» Problem to work on:
Word for word, copy the line that contains "à carreaux Culottes" and each line after it in the data below. Pictures stay out of the copy.

[Dataset items]

--

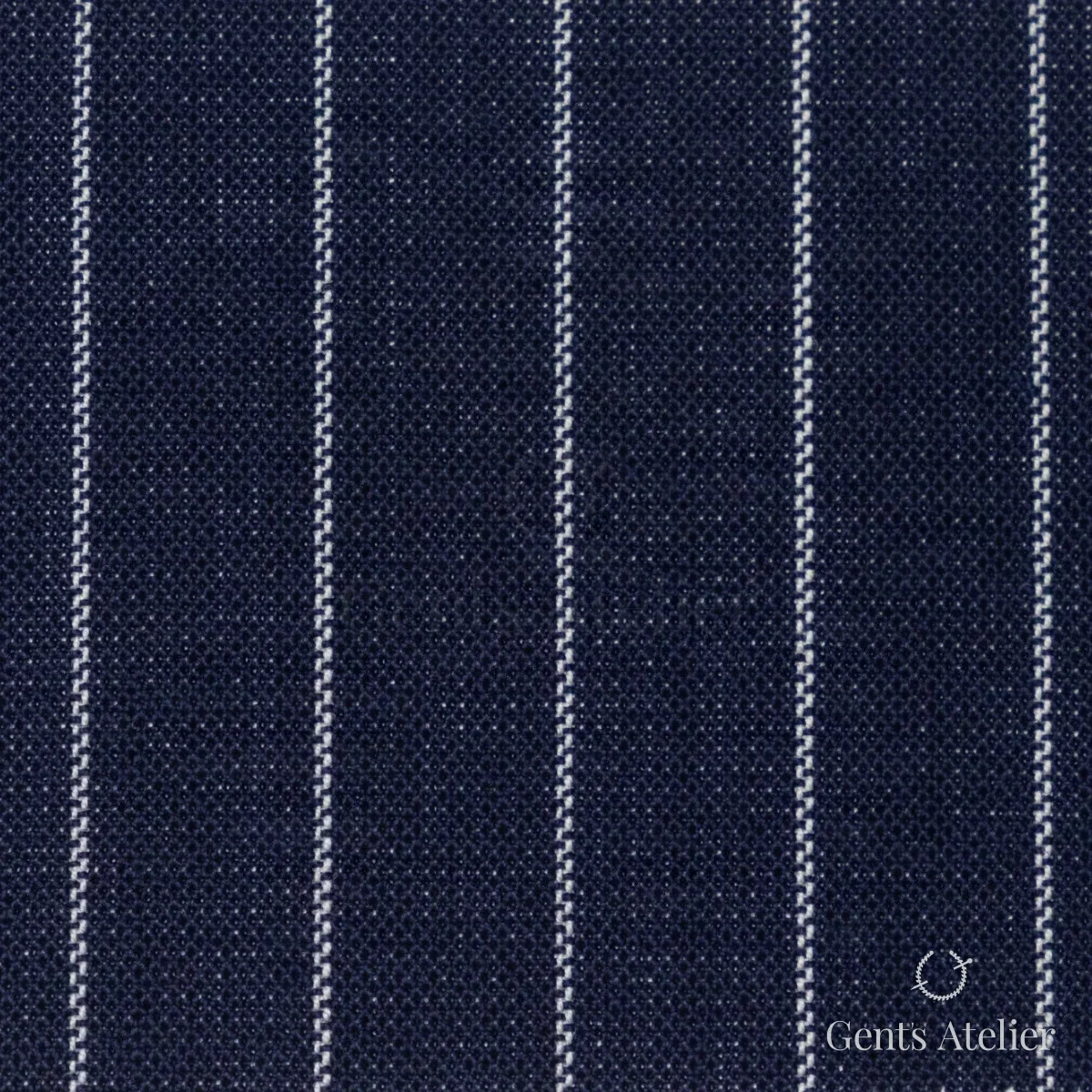 Костюмная ткань Marzoni 619 - 128 / 1000 — Тёмно-синий / Белый, в полоску, 100% шерсть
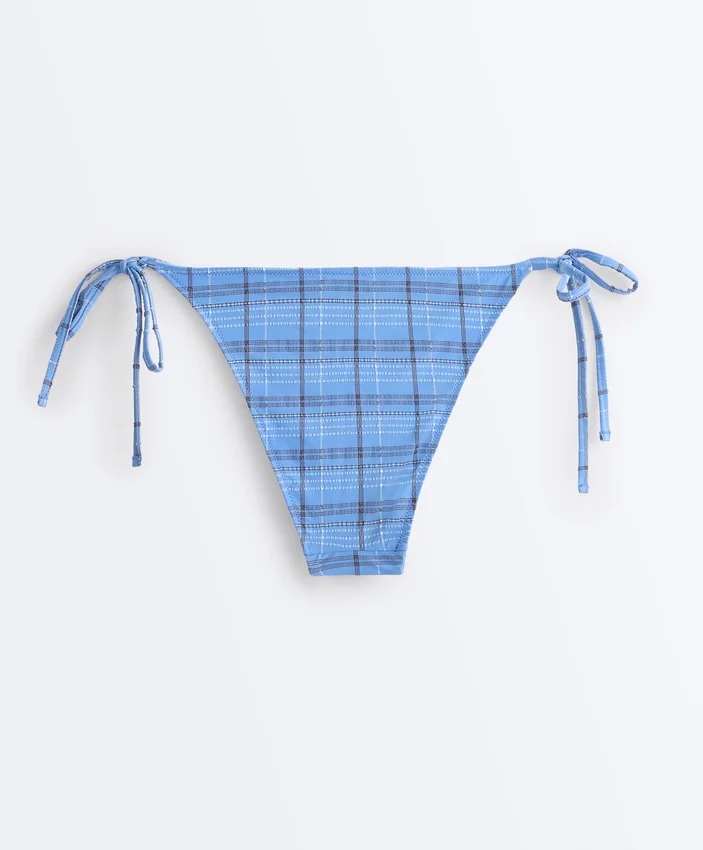 Culottes de bikini à nouer à couverture moyenne, imprimées à carreaux Culottes de bikini à nouer à couverture moyenne, imprimées à carreaux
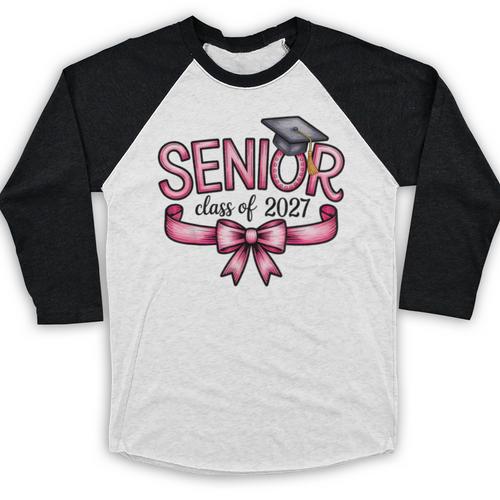 Senior Class Of 2027 Coquette Pink Bow Graduation 2027 Women Baseball Raglan Shirt - Best Gift Smart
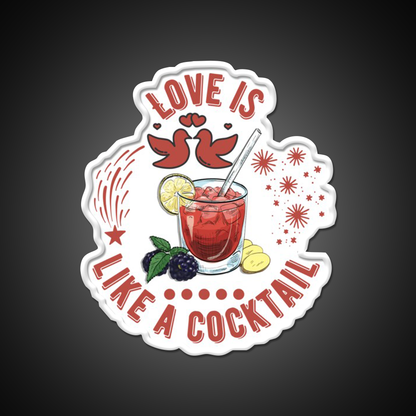 Love Is Like A Cocktail Quote Cocktail Bar Decor Led Neon Sign Rgb Color - LED neon sign view 11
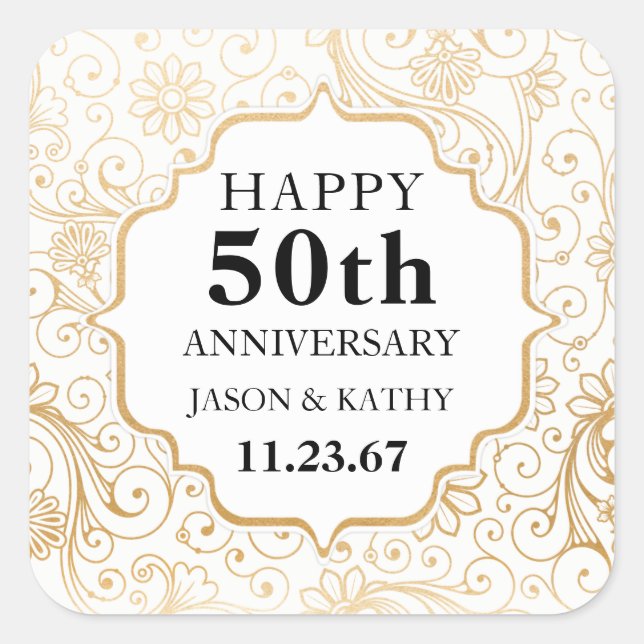 Modern Gold Swirl party favor sticker (Front)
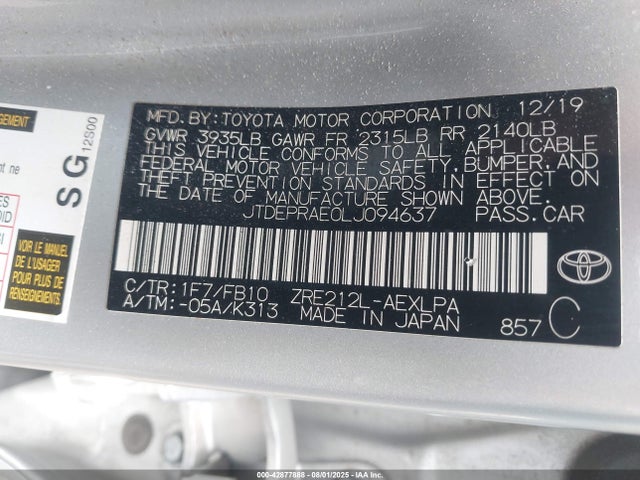 JTDEPRAE0LJ094637 Toyota 2zr-fae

--

» Exercise answer:
 Culottes de bikini à nouer à couverture moyenne, imprimées à carreaux Culottes de bikini à nouer à couverture moyenne, imprimées à carreaux
 Senior Class Of 2027 Coquette Pink Bow Graduation 2027 Women Baseball Raglan Shirt - Best Gift Smart
 Love Is Like A Cocktail Quote Cocktail Bar Decor Led Neon Sign Rgb Color - LED neon sign view 11
 Modern Gold Swirl party favor sticker (Front)
 JTDEPRAE0LJ094637 Toyota 2zr-fae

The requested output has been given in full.